How It Works
Data Extraction
The Process
You might be interested extract our data and search the database. While we can’t go into full detail, we can give a high level overview, which is what we will do below.

Scrape Cases
The process starts with us scraping definition texts from the European Commission's Competition Case Search website. We then convert the PDFs into text documents, at which point, most cases without market definition are excluded. The scraped text is known as text corpus.

Section Extraction
After extracting the text corpus, we run it through a fine-tuned model of Google Gemini with a specially designed prompt which extracts the section where the market definitions are. At this point, if there are any remaining cases without market definitions, they are removed.

Definition Extraction
Then, we run the extracted market definition sections through another specially fine-tuned Google Gemini model to extract each individual definition, which is aggregated into a single JSON file.

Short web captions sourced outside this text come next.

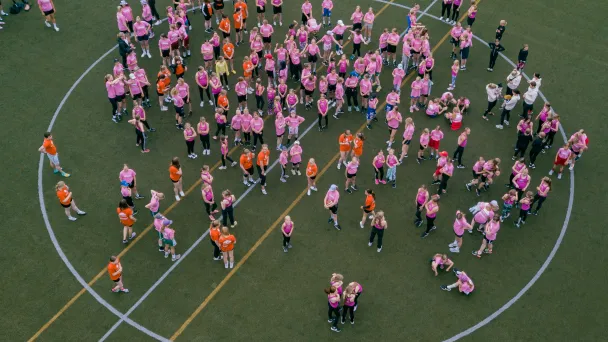 Crowd of people in pink and orange shirts on a sports field.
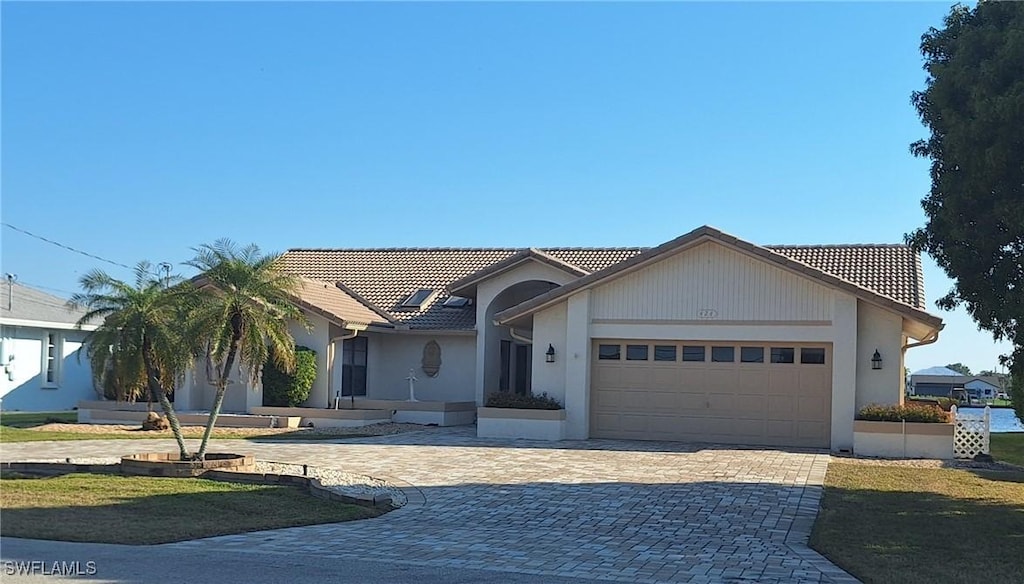 view of front facade featuring a garage, a tile roof, decorative driveway, and stucco siding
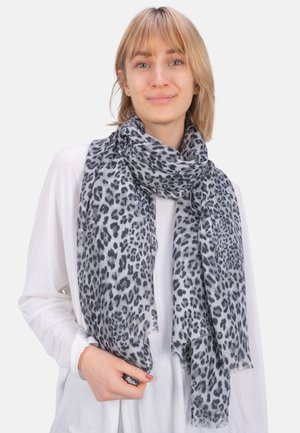 Grey scarf featuring a leopard print pattern, made from a soft material with fringed edges. Drape style around the neck.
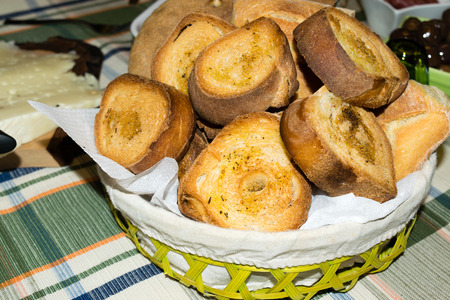 basket filled with bread and slices of toasted bread seasoned with oil and pepper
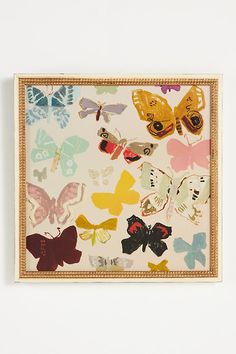 a painting with many different colored butterflies on it's frame, hanging on the wall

Searching For Market Definitions
Embedding and Indexing
Once the database is ready, each entry is parsed to extract the relevant text fields. These text chunks are then embedded using the Pinecone API, transforming them into high-dimensional vectors that capture their semantic meaning. These vectors are stored remotely in a Pinecone index.

Queries
When a user submits a query, the OpenAI API converts the query into its own vector representation using the same embedding model. This query vector is then used to search the Pinecone index, returning the closest matches based on semantic similarity rather than exact keywords.

Matches
The returned matches are filtered based on the filters chosen. You may receive anywhere from 0 to 20 matches. Each match is given a score, representing how similar that match is to the meaning of your query (input). The closer the score is to 1.000, the more similar the match.